Kiitos/Salamat/Thank you for reading!!!


----------



## Deleted member 23824 (Feb 26, 2019)

I was kind of wondering if you’d like to send some contributions to me? 

I’m about ready to go take a dump/ make some experimental sounds. I can send you the results?


----------



## Deleted member 125 (Feb 26, 2019)

Saying people are illiterate or have poor taste just they don't wanna contribute to yer lousy noise project isn't the best way to get folks to send you things. Just saying.


----------



## roguetrader (Feb 27, 2019)

I'm a big music fan, any genre considered - but I find there to be a fine line between experimental / noise and just plain pretentious shite......


----------



## Deleted member 125 (Feb 27, 2019)

roguetrader said:


> I'm a big music fan, any genre considered - but I find there to be a fine line between experimental / noise and just plain pretentious shite......

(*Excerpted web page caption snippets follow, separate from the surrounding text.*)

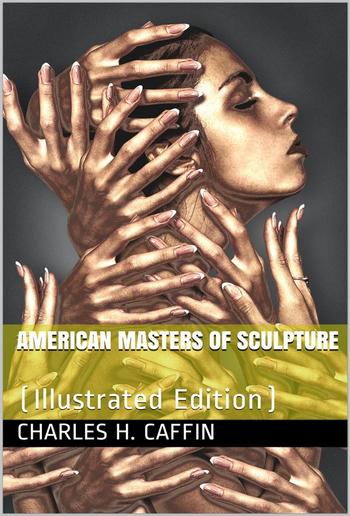 American Masters of Sculpture PDF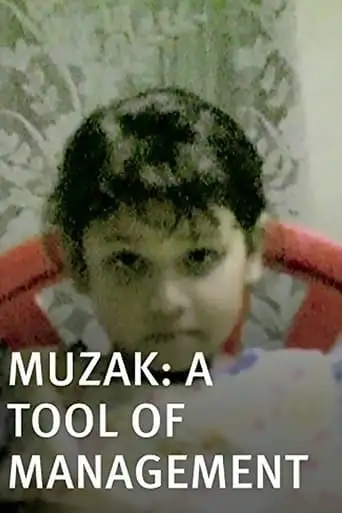 Muzak: A Tool Of Management (2003)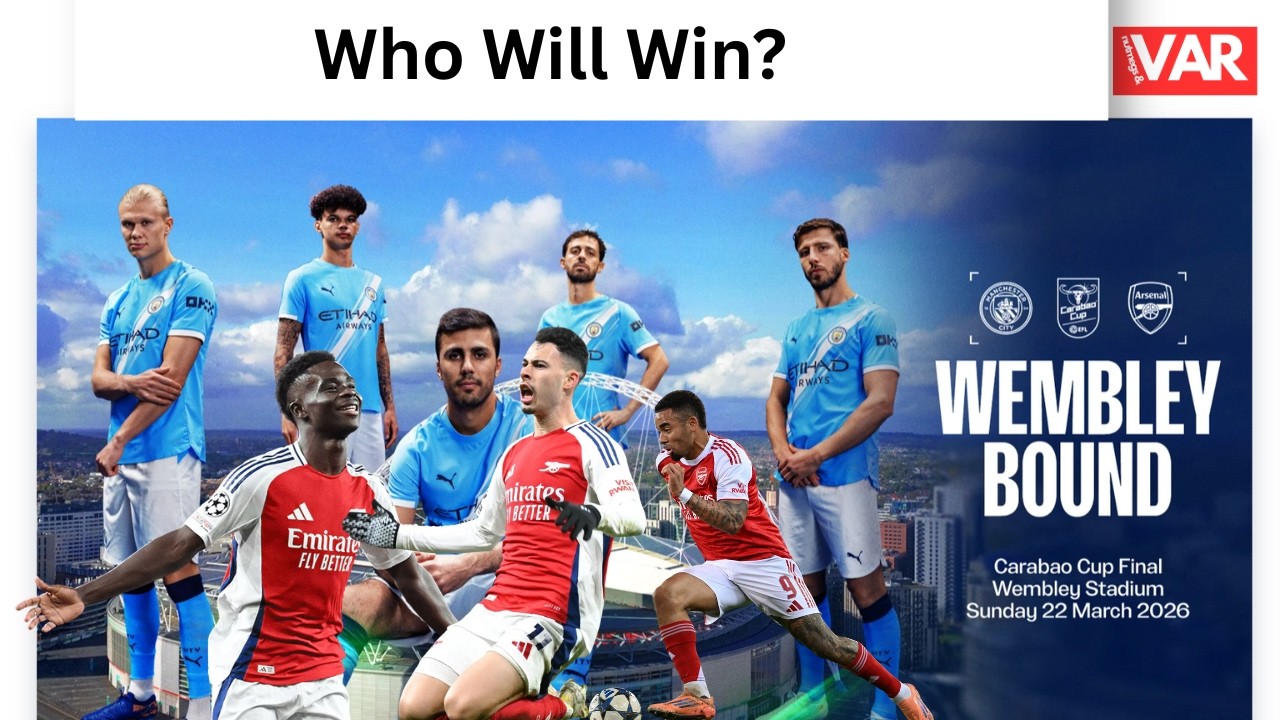Arsenal vs Man City Carabao Cup Final — Biggest Showdown Before Premier League Title Decider?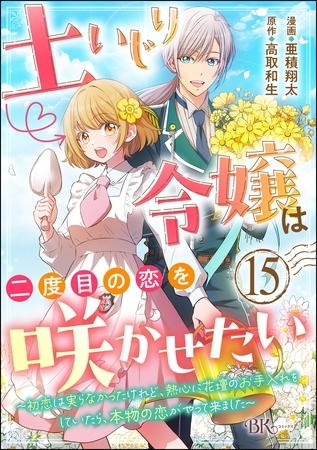 土いじり令嬢は二度目の恋を咲かせたい ～初恋は実らなかったけれど、熱心に花壇のお手入れをしていたら、本物の恋がやって来ました～ コミック版（分冊版）　【第15話】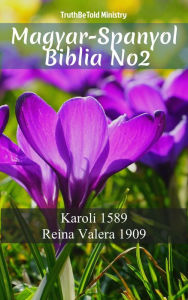 Title: Magyar-Spanyol Biblia No2: Karoli 1589 - Reina Valera 1909, Author: TruthBeTold Ministry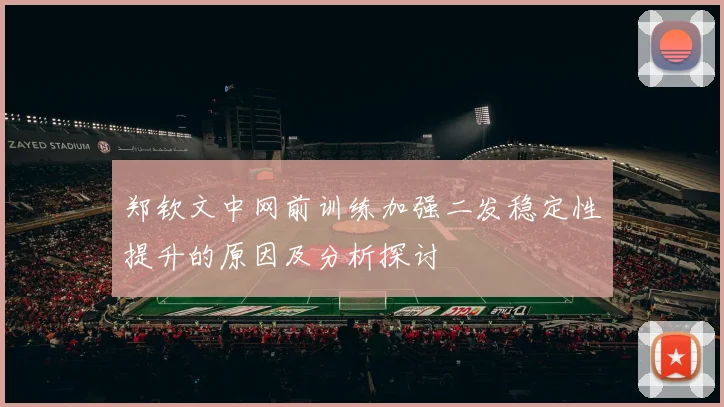 郑钦文中网前训练加强二发稳定性提升的原因及分析探讨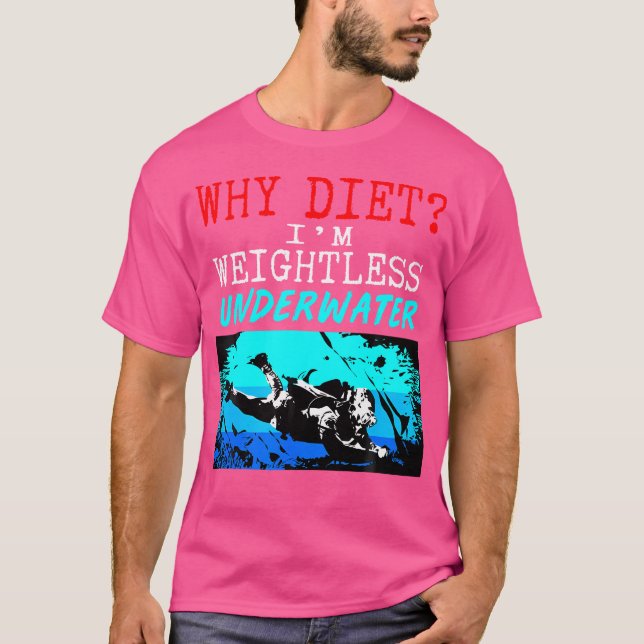 Funny Scuba Diving T-Shirt (Vorderseite)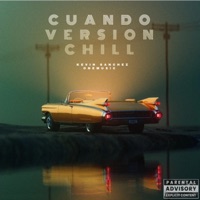 Cuando (Version Chill) - Single - Kevin Sanchez OneMusic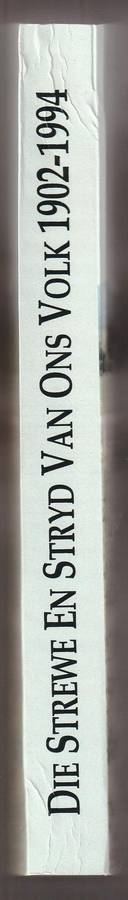 Die Strewe en Stryd van Ons Volk   1902 - 1994  --  M T du Toit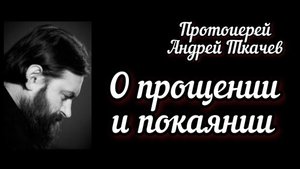 О Прощении и Покаянии. Протоиерей Андрей Ткачев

Obviously yer plebian mind can't comprehend the true genius that is noise. it's a good thing op edited his post after the first comment letting everybody know he won't be reading negative comments, I would hate for such a inspiring and talented individual to have to see that his beeps and boots went highly regarded among such low intelligence Neanderthals. Only those of us who understand real true talent can see the value in a 11 minute recording of a 4 way intersection dubbed over the sound of a pilot light clicking in the background mixed over top of a skitsystem song without any lyrics.


----------



## Matt Derrick (Feb 27, 2019)

noise is not music, no matter what words you use to describe it.

also, the fact that i just blew out my fucking eardrums at work when i hit play on your bandcamp kinda makes you a fucking asshole. as such, i have removed your bandcamp link so others will not suffer the same fate.


----------



## train in vain (Sep 5, 2022)

Plebian Feedback is going to be my next project name.


----------